**Assignment:**
Could the data below be printed out exactly, with the pictures left out?

**Raw data:**
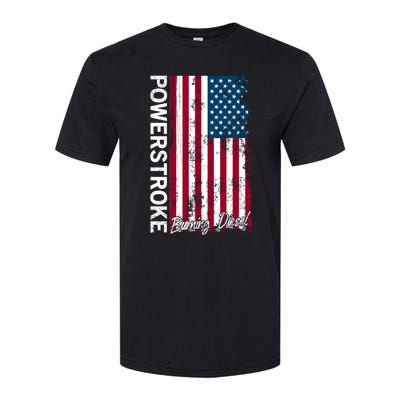 Powerstroke Burning Diesel American Flag Usa Great Gift Softstyle® CVC T-Shirt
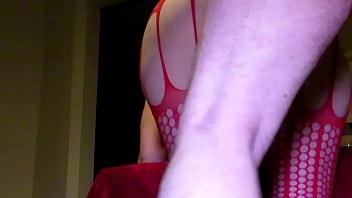 Fucking in red lacy outfit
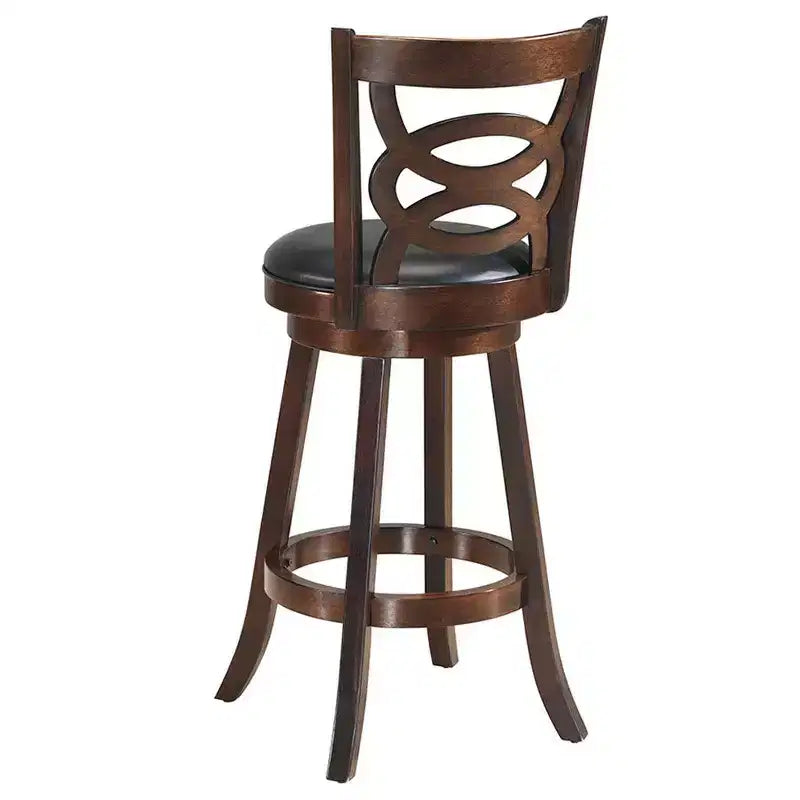 Costway Sgabello Girevole 29'' Altezza Bar Seduta Imbottita Sedia da Pranzo in Legno di Gomma Cucina Casa Espresso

**Answer space:**
 Powerstroke Burning Diesel American Flag Usa Great Gift Softstyle® CVC T-Shirt
 Fucking in red lacy outfit
 Costway Sgabello Girevole 29'' Altezza Bar Seduta Imbottita Sedia da Pranzo in Legno di Gomma Cucina Casa Espresso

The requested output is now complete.